Sunday 4 May 2008

OpenID - Everybody Wants To Go To Heaven, Nobody Wants To Die

I've been looking recently at OpenId a little more closely. It's a great system, that I've been using for a number of years.

My first free openid provider (http://stuartyeates.videntity.org/) went belly up for reasons I'm still not too sure about, but the life expectancy of internet startups and free services has never been that long. I have a new identity (http://stuartyeates.myopenid.com/) which does me just fine.

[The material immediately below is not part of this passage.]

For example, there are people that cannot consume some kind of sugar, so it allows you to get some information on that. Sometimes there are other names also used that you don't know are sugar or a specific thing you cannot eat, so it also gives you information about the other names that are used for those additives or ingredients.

One thing I've been noticing is that while a host of the internet services that I use want to be my identity provider, very few of them want to let me login using an openid provided by another identity provider. From a business point of view I can completely understand this: they want to know everything about the user so they can (a) off better, more integrated services and (b) see more customised advertising. I have no problem with (a), but (b) is one of the reasons I'm eying up openid in the first place.

They don't understand that to get to openid heaven, they're going to have to die. By giving away the user-authentication-and-give-us-your-personal-information step, they can drive significantly more logins and significantly deeper interaction with their website and with their content. Sure, they can't necessarily get access to the users email address and whatever fake personal details they submitted at sign up, but I've yet to see this used particularly well anyway. The personal details certainly don't seem to be used to anywhere near the same effect as analysis of user behaviour.

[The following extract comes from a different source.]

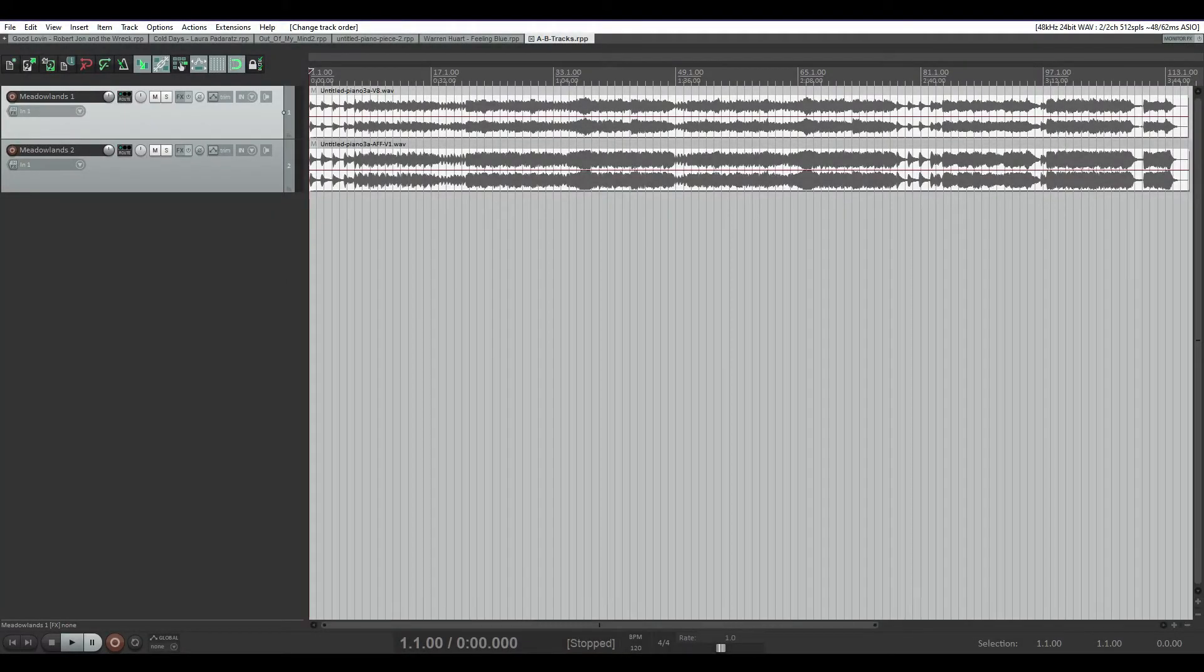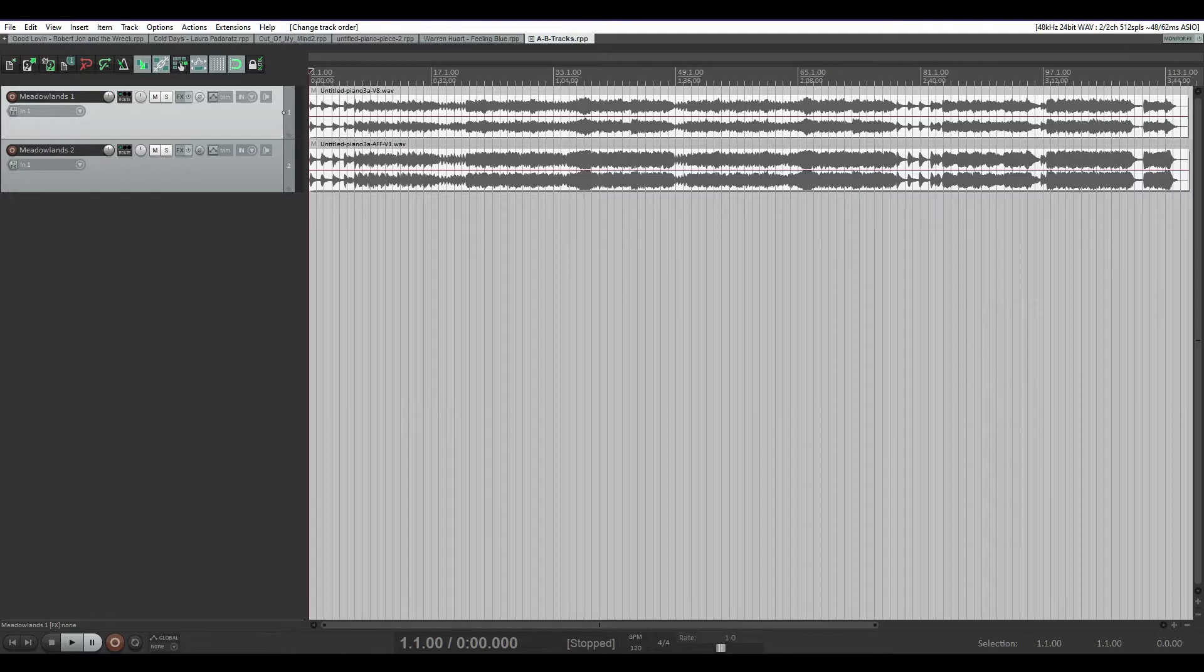Hello, my name is Anita Potter from Anita Potter Productions, and today I'm going to show you how to A and B tracks in Reaper.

What would be really good is an openid identity provider with (a) shared no information with any of the large advertising groups or dominant internet companies, (b) really clear information about privacy expectations (and I'm not talking here about a page of legalese titled "privacy policy," but discussion and disclosure of things which jurisdictions user data is stored in, steps taken to avoid collection of user data, etc) and (c) a clear sustainability model to prevent it being bought-out for the user data and to ensure it's continuity (I can imagine paying a subscription for it).

I can imagine that this is the kind of thing that google or yahoo might sponsor in their efforts to promote their next generation of web authentication standards. The existance of such an outfit would hugely boost the reputation of such a standard and lacking the huge advertising and existing lockin it would hardly challenge their own identity providers while answering a whole range of independence, privacy and monopoly questions.